=== Extracted information ===

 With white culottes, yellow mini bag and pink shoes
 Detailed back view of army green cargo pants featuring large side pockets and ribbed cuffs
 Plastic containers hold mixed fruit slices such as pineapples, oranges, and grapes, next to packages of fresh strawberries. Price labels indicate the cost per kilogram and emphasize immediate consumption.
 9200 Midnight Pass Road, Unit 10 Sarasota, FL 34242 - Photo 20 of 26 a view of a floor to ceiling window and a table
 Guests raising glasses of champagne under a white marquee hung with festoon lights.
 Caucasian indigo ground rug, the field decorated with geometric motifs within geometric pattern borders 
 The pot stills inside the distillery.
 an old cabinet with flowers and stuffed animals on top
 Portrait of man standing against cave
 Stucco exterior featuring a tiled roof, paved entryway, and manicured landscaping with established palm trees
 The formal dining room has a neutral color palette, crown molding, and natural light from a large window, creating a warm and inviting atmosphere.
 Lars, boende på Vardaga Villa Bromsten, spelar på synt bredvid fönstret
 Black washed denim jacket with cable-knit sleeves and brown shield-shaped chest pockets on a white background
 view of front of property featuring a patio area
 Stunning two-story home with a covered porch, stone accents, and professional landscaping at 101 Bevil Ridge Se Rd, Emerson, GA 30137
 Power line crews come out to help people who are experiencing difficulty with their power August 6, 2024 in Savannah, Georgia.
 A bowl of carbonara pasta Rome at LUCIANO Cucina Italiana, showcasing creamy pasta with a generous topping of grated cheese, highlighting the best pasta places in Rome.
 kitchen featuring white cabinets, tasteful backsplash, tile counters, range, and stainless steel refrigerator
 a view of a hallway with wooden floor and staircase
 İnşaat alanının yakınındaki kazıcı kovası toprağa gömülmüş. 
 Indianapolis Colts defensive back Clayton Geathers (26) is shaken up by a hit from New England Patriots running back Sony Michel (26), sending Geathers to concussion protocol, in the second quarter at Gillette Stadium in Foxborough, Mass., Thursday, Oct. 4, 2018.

===

Your task is to reproduce each entry exactly.

 With white culottes, yellow mini bag and pink shoes
 Detailed back view of army green cargo pants featuring large side pockets and ribbed cuffs
 Plastic containers hold mixed fruit slices such as pineapples, oranges, and grapes, next to packages of fresh strawberries. Price labels indicate the cost per kilogram and emphasize immediate consumption.
 9200 Midnight Pass Road, Unit 10 Sarasota, FL 34242 - Photo 20 of 26 a view of a floor to ceiling window and a table
 Guests raising glasses of champagne under a white marquee hung with festoon lights.
 Caucasian indigo ground rug, the field decorated with geometric motifs within geometric pattern borders 
 The pot stills inside the distillery.
 an old cabinet with flowers and stuffed animals on top
 Portrait of man standing against cave
 Stucco exterior featuring a tiled roof, paved entryway, and manicured landscaping with established palm trees
 The formal dining room has a neutral color palette, crown molding, and natural light from a large window, creating a warm and inviting atmosphere.
 Lars, boende på Vardaga Villa Bromsten, spelar på synt bredvid fönstret
 Black washed denim jacket with cable-knit sleeves and brown shield-shaped chest pockets on a white background
 view of front of property featuring a patio area
 Stunning two-story home with a covered porch, stone accents, and professional landscaping at 101 Bevil Ridge Se Rd, Emerson, GA 30137
 Power line crews come out to help people who are experiencing difficulty with their power August 6, 2024 in Savannah, Georgia.
 A bowl of carbonara pasta Rome at LUCIANO Cucina Italiana, showcasing creamy pasta with a generous topping of grated cheese, highlighting the best pasta places in Rome.
 kitchen featuring white cabinets, tasteful backsplash, tile counters, range, and stainless steel refrigerator
 a view of a hallway with wooden floor and staircase
 İnşaat alanının yakınındaki kazıcı kovası toprağa gömülmüş. 
 Indianapolis Colts defensive back Clayton Geathers (26) is shaken up by a hit from New England Patriots running back Sony Michel (26), sending Geathers to concussion protocol, in the second quarter at Gillette Stadium in Foxborough, Mass., Thursday, Oct. 4, 2018.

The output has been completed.